"Once God has spoken;
Twice I have heard this:
That power belongs to God; ..."
(PS 62:11)

Usually we look to God's creation to apprehend his power but here we are concerned with power in God.

Can we really speak of God's Power or is this concept for our understanding of His action as manifest in his creatures? In the Middle Ages, some thought that we should not attribute power to God because his action originated in his intelligence and will.

St. Thomas Aquinas admits that power is the manifestation of God's intelligence which directs and commands, but power cannot be separated from God. Creatures are receivers of God's power and principles of action emanating from their existence. God, on the other hand, is Pure Act or Actuality. God is the active principle and active power in the highest degree. Power is integral of his Being; He is the God of Power and Might.

"Active power exists in God according to the measure in which He is actual. Now His existence is infinite, inasmuch as it is not limited by anything that receives it, as is clear from what has been said, when we discussed the infinity of the divine essence (7, 1). Wherefore, it is necessary that the active power in God should be infinite. " (Summa Theologica, Part I, q. 25, Art. 2)

The power of God is that ability and strength whereby He can bring to pass whatsoever He pleases, whatsoever His infinite wisdom may direct, and whatsoever the infinite purity of His will may resolve. . . . As holiness is the beauty of all God’s attributes, so power is that which gives life and action to all the perfections of the Divine nature. How vain would be the eternal counsels, if power did not step in to execute them. Without power His mercy would be but feeble pity, His promises an empty sound, His threatenings a mere scarecrow. God’s power is like Himself: infinite, eternal, incomprehensible; it can neither be checked, restrained, nor frustrated by the creature. (S. Charnock).

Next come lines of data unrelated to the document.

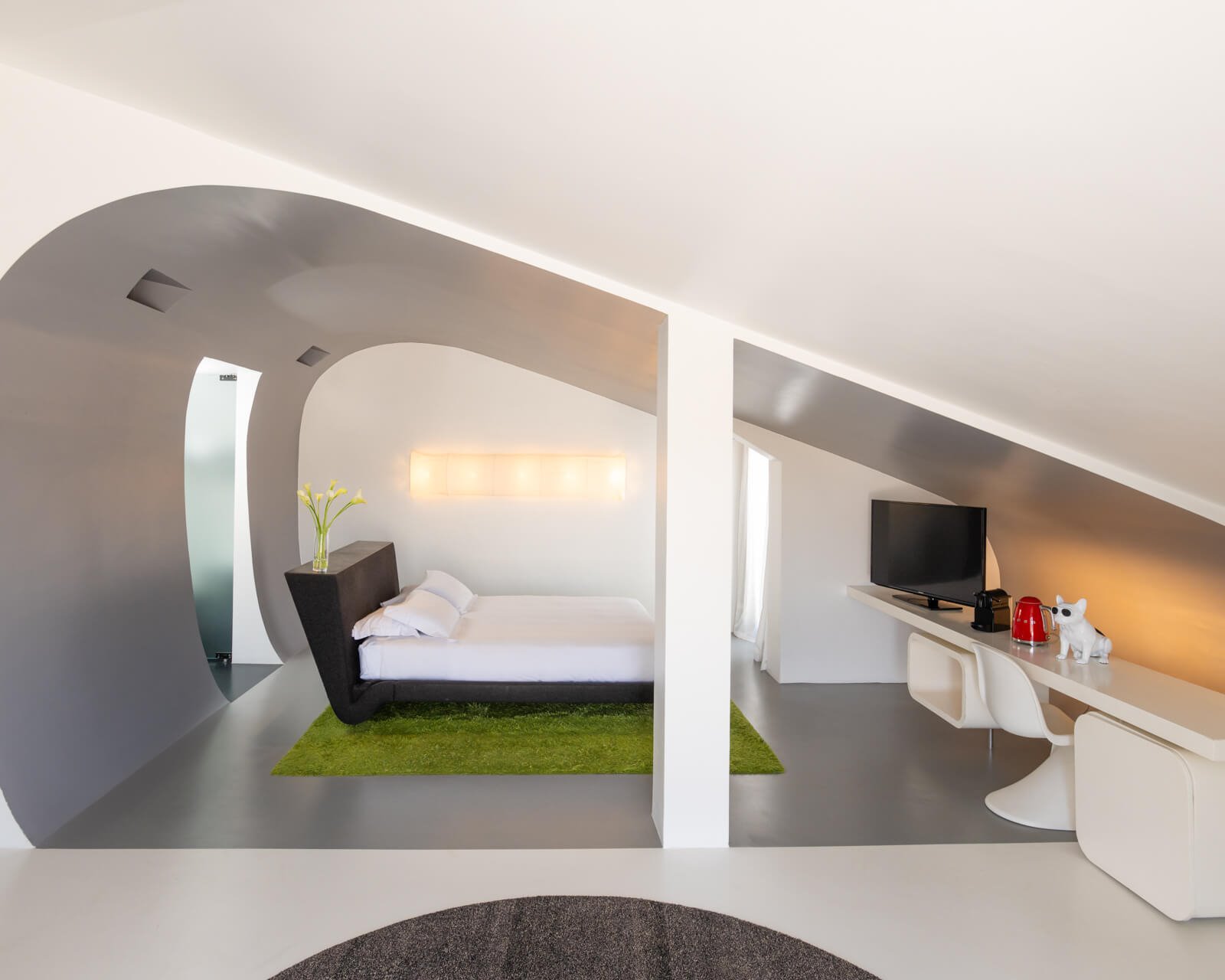 Hotel Ripa Roma - Unconventional Stay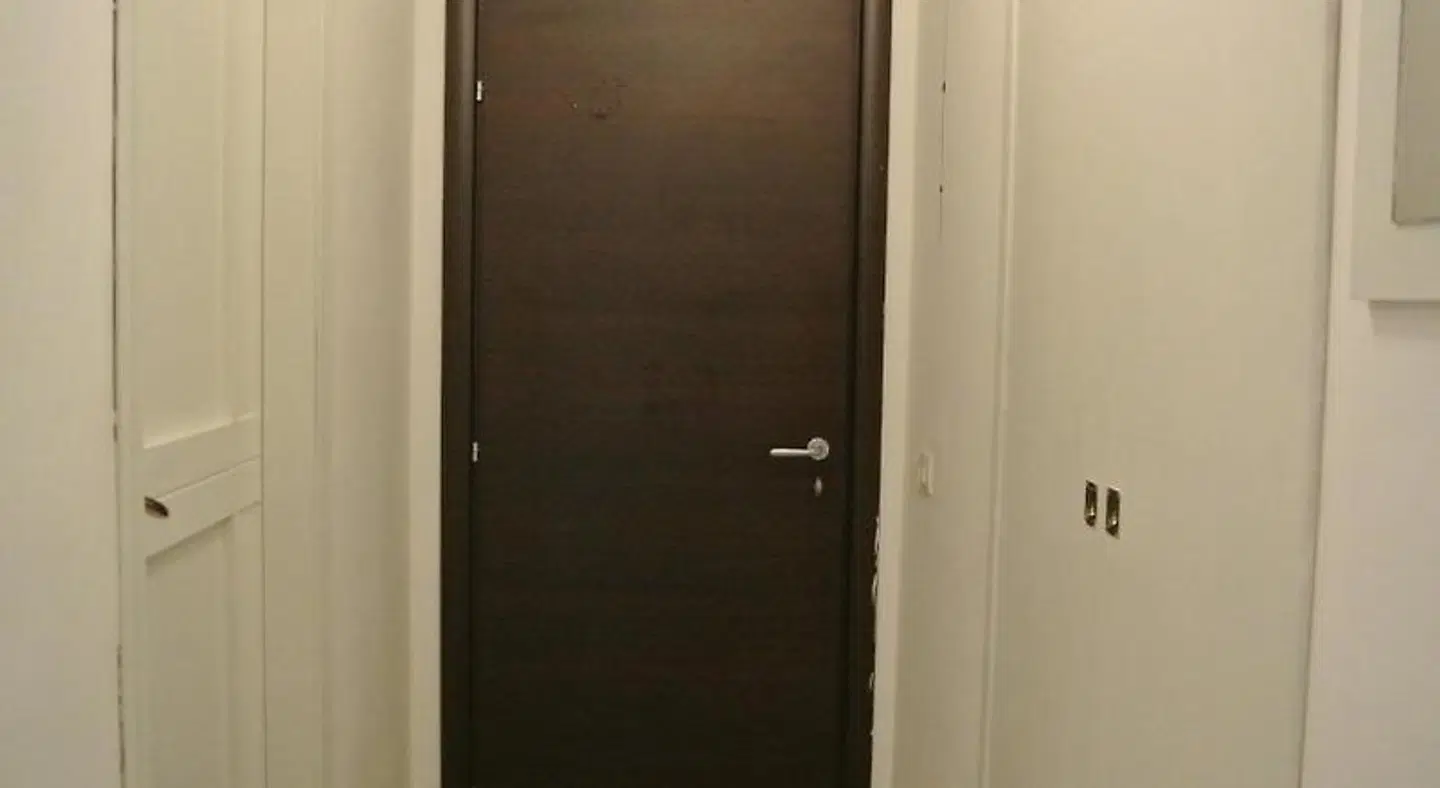 B&B Via Dei Templi BATHROOM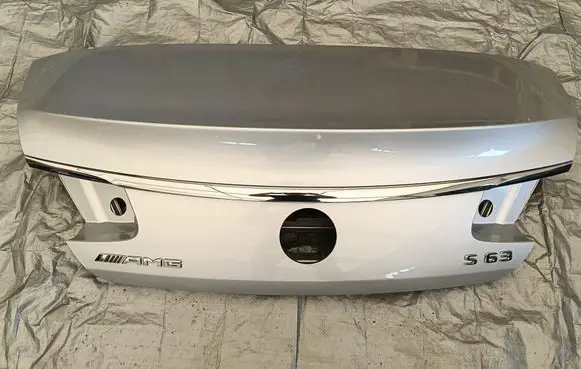Mercedes-Benz S C217 Tailgate/trunk/boot lid A2177501000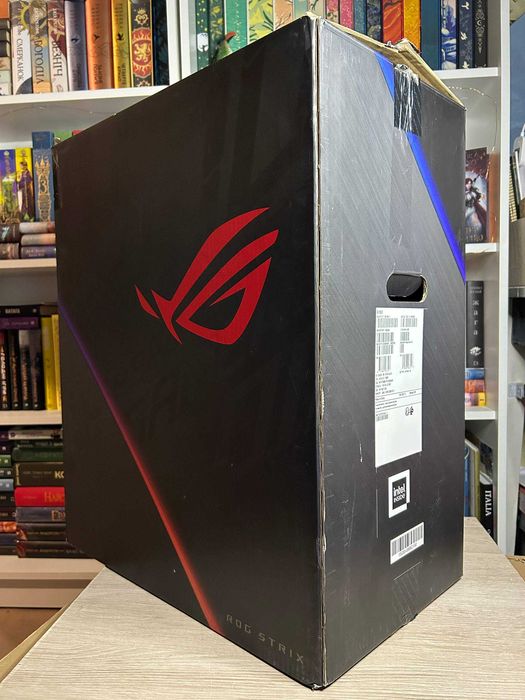 системний блок ASUS ROG GT15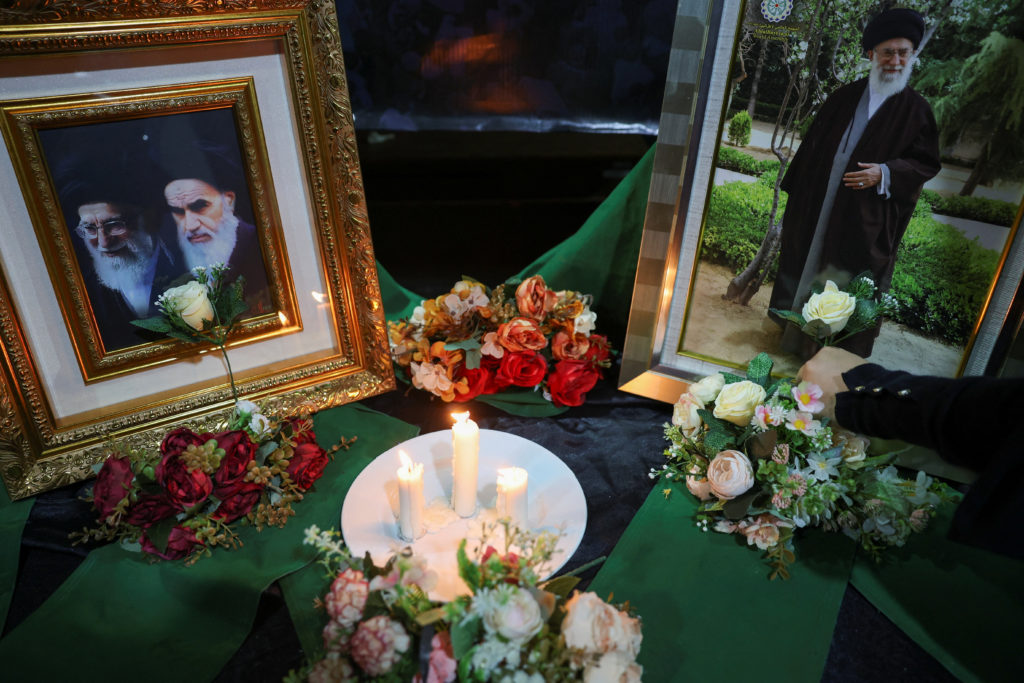 Here are some of the contenders to be Iran's supreme leader after the killing of Khamenei
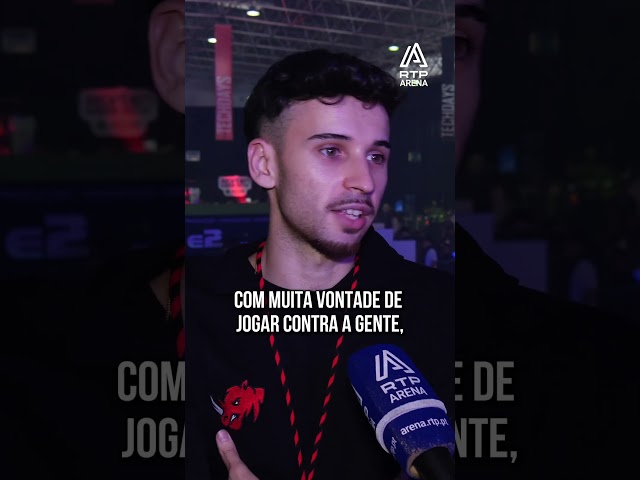 ⁣A polémica da seleção nacional não passa ao lado de Rhyno  #CSnaRTP #CS #CS2 #counterstrike #MLP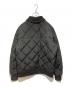 COMME des GARCONS HOMME (コムデギャルソン オム) キルティングダウンジャケット ブラック サイズ:L：30000円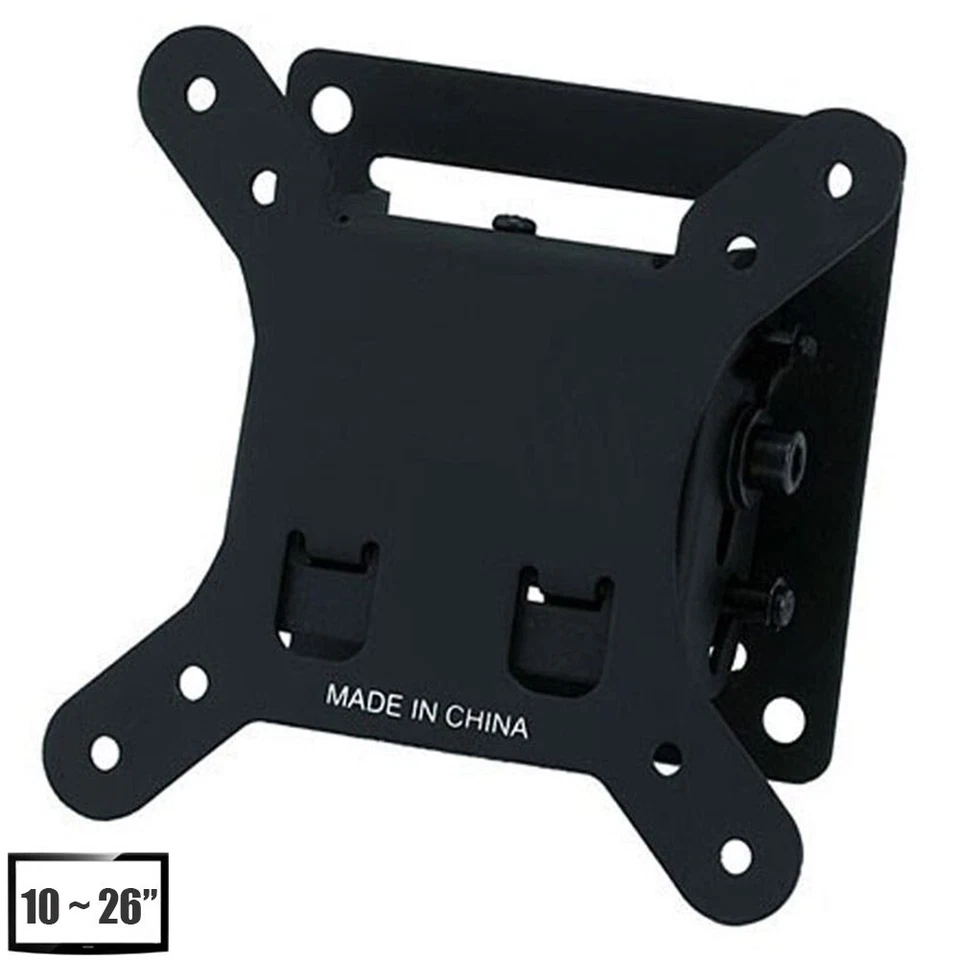 TV Wall Mount Bracket Tilt Tilting 10 13 15 17 19 21 23 26" Flat Screen LCD LED - Image 1 of 1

C. H. Spurgeon states it well, "God’s power is like Himself, self-existent, self-sustained. The mightiest of men cannot add so much as a shadow of increased power to the Omnipotent One. He sits on no buttressed throne and leans on no assisting arm. His court is not maintained by His courtiers, nor does it borrow its splendor from His creatures. He is Himself the great central source and Originator of all power."